Start of Block

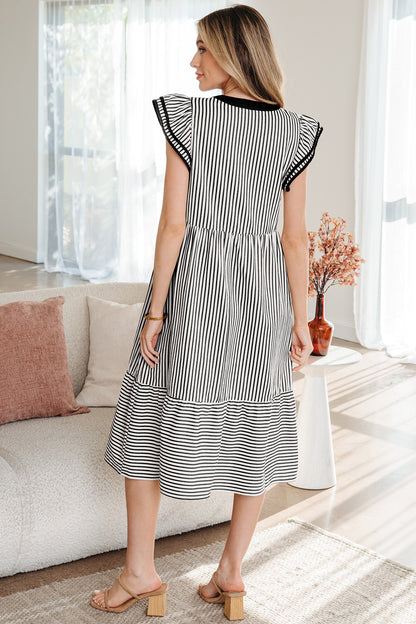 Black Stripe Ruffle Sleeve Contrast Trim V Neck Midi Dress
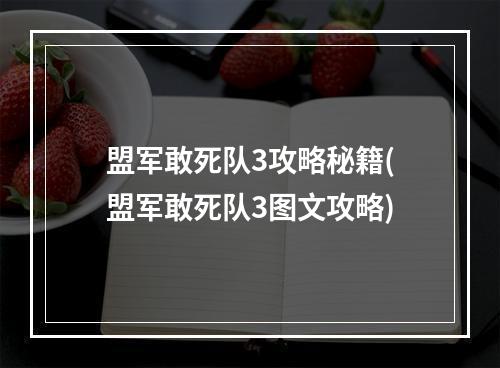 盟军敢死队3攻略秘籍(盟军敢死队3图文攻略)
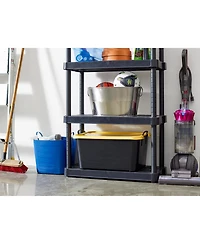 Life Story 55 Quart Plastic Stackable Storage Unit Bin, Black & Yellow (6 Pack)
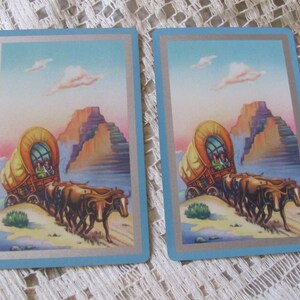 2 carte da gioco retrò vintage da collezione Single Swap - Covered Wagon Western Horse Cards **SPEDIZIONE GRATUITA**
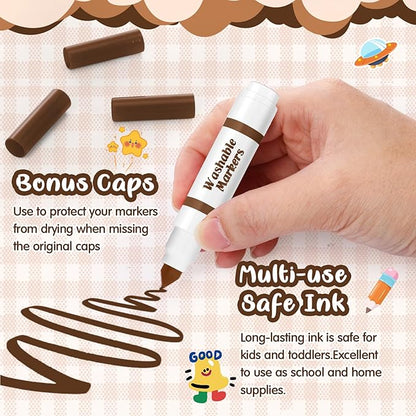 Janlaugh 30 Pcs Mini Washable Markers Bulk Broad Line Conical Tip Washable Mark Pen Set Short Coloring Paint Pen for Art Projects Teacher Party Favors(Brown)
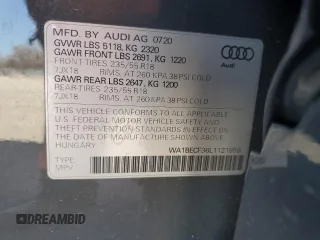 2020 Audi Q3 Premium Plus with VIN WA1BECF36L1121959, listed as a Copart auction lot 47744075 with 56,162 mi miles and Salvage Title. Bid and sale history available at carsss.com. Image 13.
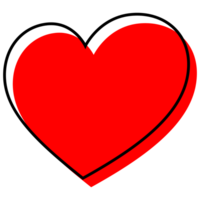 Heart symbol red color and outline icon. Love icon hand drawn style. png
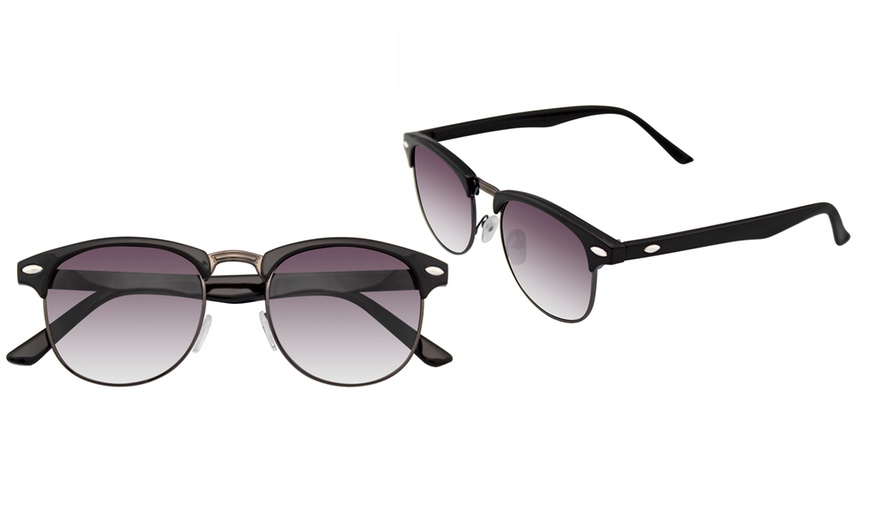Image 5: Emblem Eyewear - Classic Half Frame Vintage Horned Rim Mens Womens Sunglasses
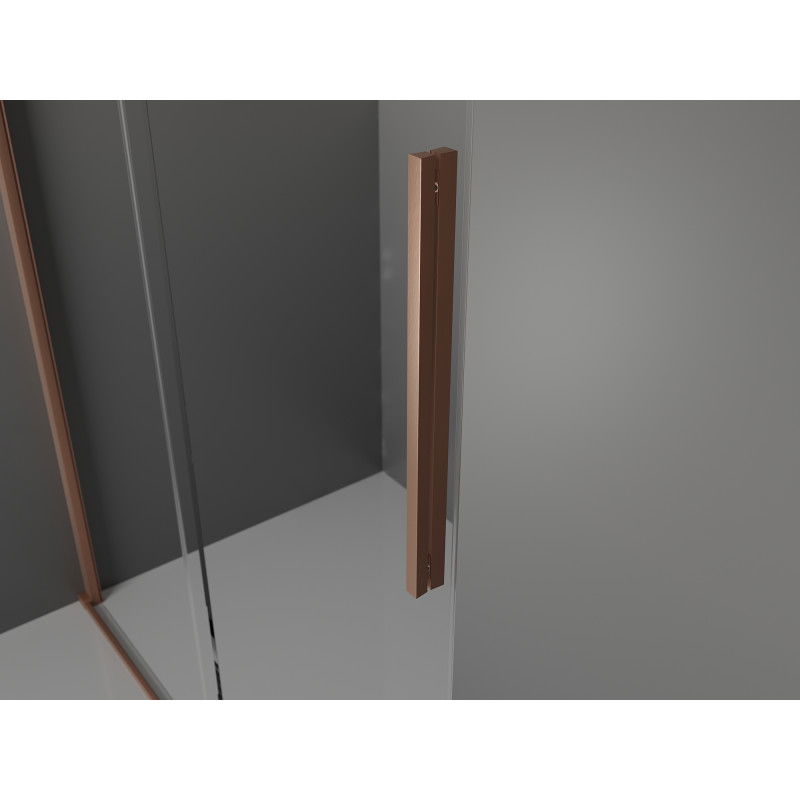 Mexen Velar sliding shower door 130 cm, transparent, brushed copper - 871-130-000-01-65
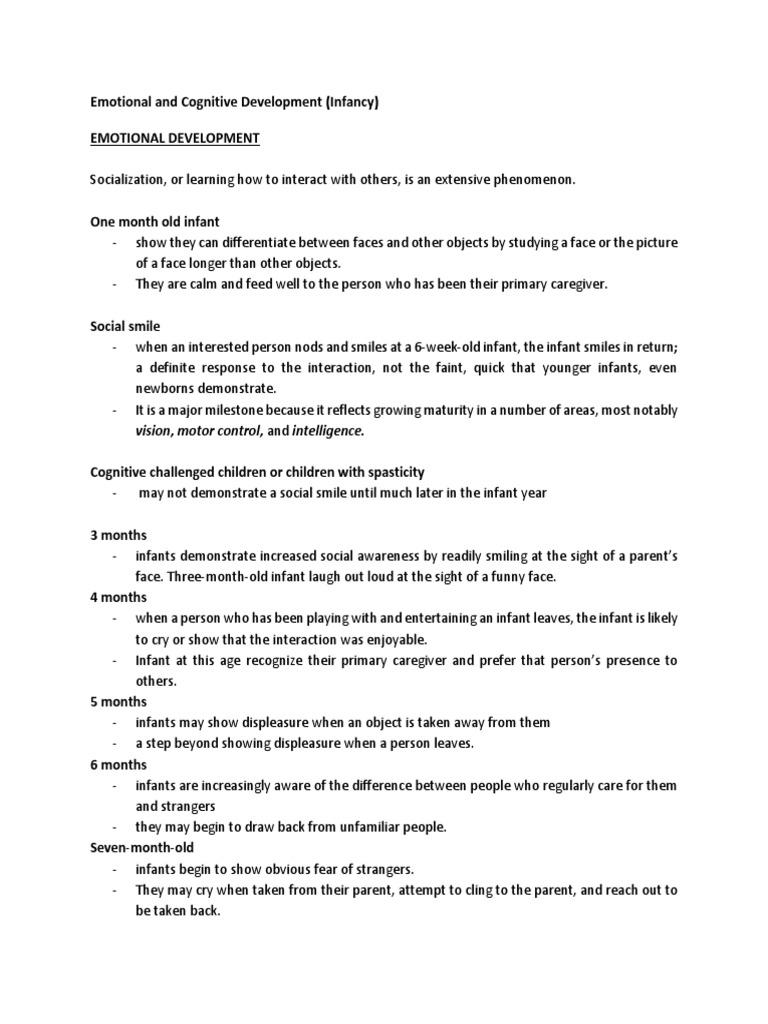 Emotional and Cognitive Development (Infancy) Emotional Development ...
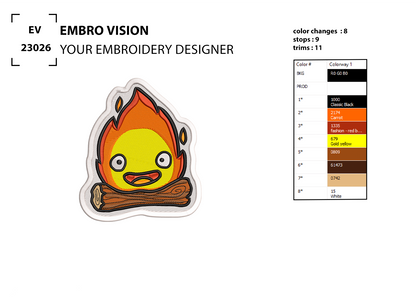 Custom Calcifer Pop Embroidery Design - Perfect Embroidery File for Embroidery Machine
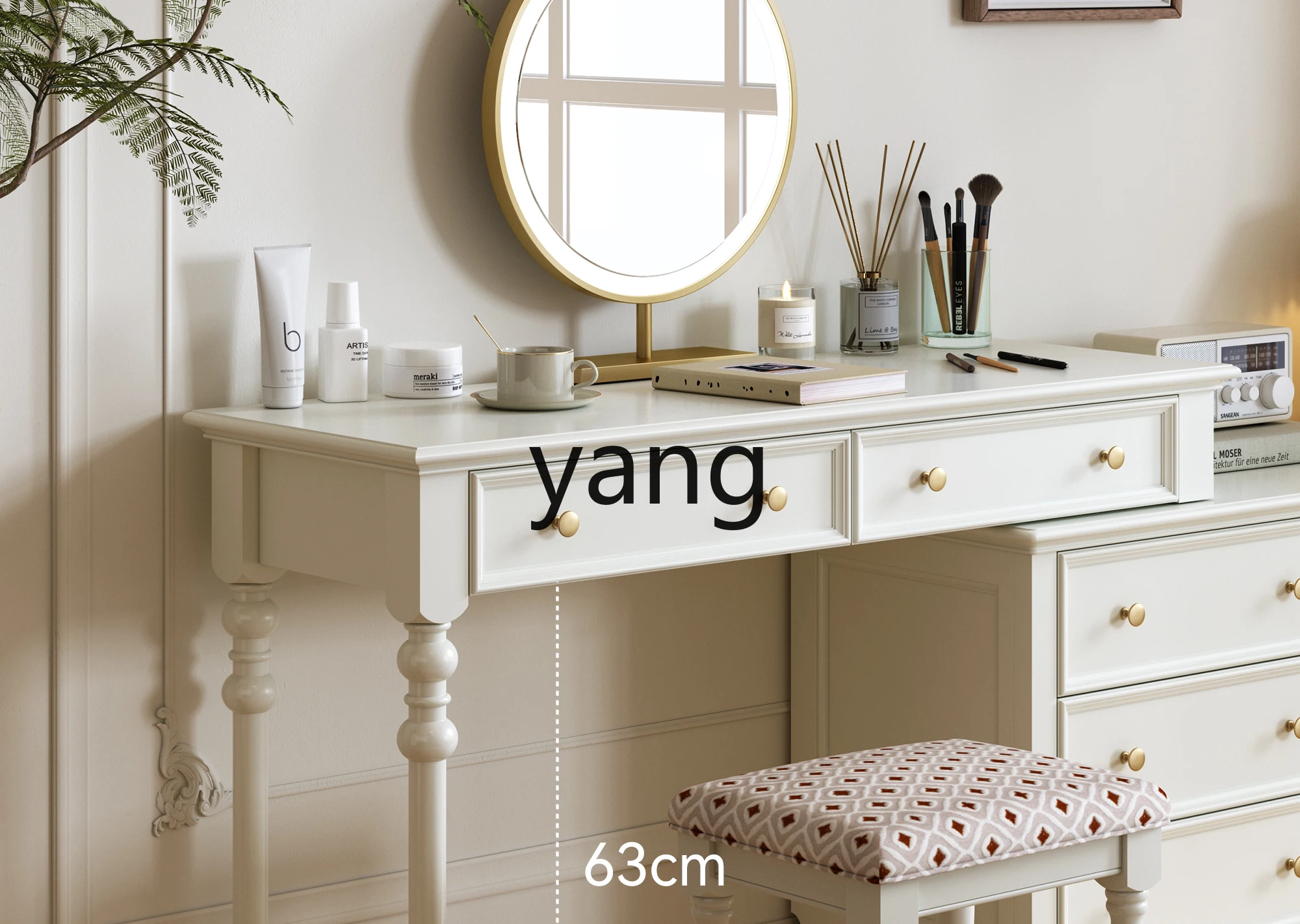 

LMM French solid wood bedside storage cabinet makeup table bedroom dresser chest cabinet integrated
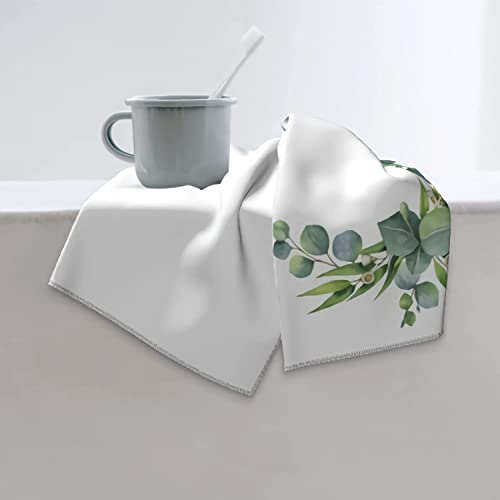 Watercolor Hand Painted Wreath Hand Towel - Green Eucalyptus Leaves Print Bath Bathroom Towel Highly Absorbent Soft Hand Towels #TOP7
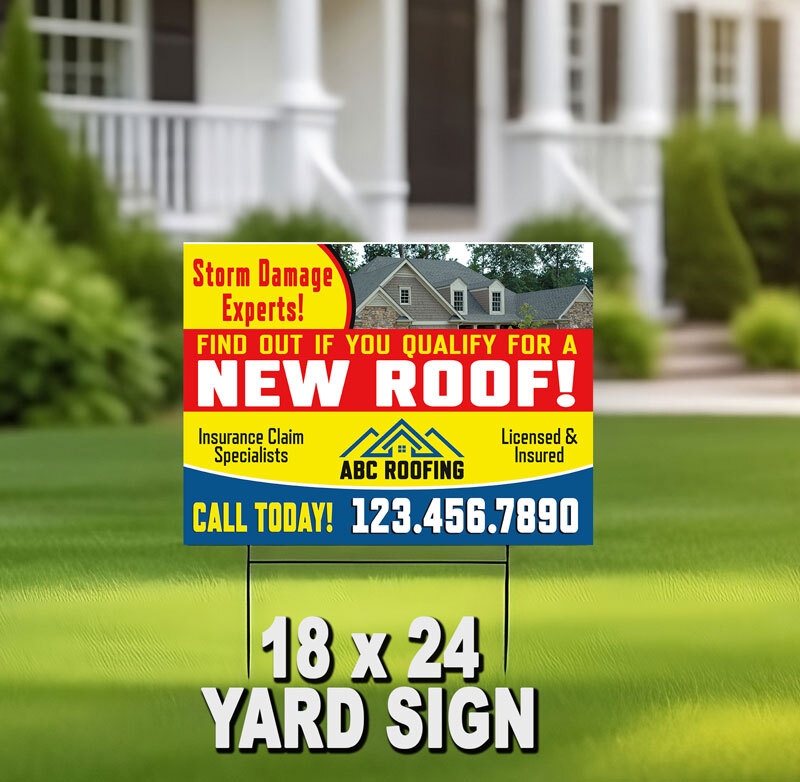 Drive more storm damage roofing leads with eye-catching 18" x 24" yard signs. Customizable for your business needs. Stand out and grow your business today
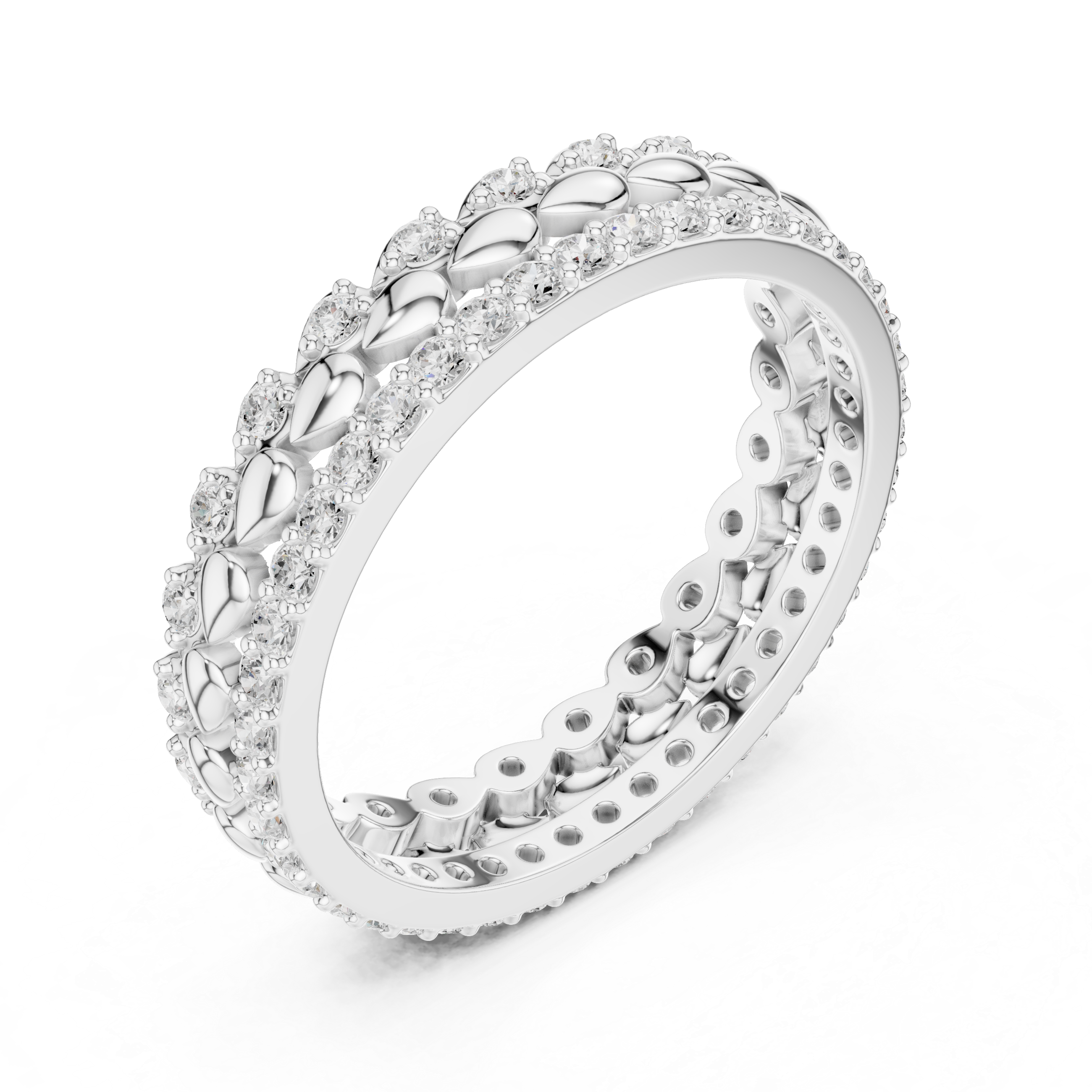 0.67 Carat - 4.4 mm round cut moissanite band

End of Block

#### DIRECTIONS FOR THIS TASK
Copy verbatim the span that opens at the line with "Heart symbol red" and closes at the final line of the listing. Do not carry over any pictures.

#### SOLUTION FOR THIS EXERCISE
 Heart symbol red color and outline icon. Love icon hand drawn style. png
Image 5: Emblem Eyewear - Classic Half Frame Vintage Horned Rim Mens Womens Sunglasses
 Mexen Velar sliding shower door 130 cm, transparent, brushed copper - 871-130-000-01-65
 Emotional and Cognitive Development (Infancy) Emotional Development ...
 Custom Calcifer Pop Embroidery Design - Perfect Embroidery File for Embroidery Machine

LMM French solid wood bedside storage cabinet makeup table bedroom dresser chest cabinet integrated
 Watercolor Hand Painted Wreath Hand Towel - Green Eucalyptus Leaves Print Bath Bathroom Towel Highly Absorbent Soft Hand Towels #TOP7
 Drive more storm damage roofing leads with eye-catching 18" x 24" yard signs. Customizable for your business needs. Stand out and grow your business today
 0.67 Carat - 4.4 mm round cut moissanite band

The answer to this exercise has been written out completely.